#### [Exercise directions]
Your task is to repeat exactly the lines below between the line holding "Kelim Fars Teppich 100x145cm - mehrfarbig" and the line holding "New 2025 Mercedes-Benz C 300 C 300 image 21", inclusive, and only those.

#### [Given data]

↓

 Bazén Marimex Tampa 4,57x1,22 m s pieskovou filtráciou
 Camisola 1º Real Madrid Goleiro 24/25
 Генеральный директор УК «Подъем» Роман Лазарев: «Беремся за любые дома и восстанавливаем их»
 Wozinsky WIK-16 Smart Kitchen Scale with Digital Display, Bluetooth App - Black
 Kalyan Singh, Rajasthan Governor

↑
↓

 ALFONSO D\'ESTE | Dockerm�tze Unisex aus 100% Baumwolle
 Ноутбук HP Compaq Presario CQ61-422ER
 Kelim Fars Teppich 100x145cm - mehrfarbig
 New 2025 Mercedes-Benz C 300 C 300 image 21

↑

#### [Task result]
 Kelim Fars Teppich 100x145cm - mehrfarbig
 New 2025 Mercedes-Benz C 300 C 300 image 21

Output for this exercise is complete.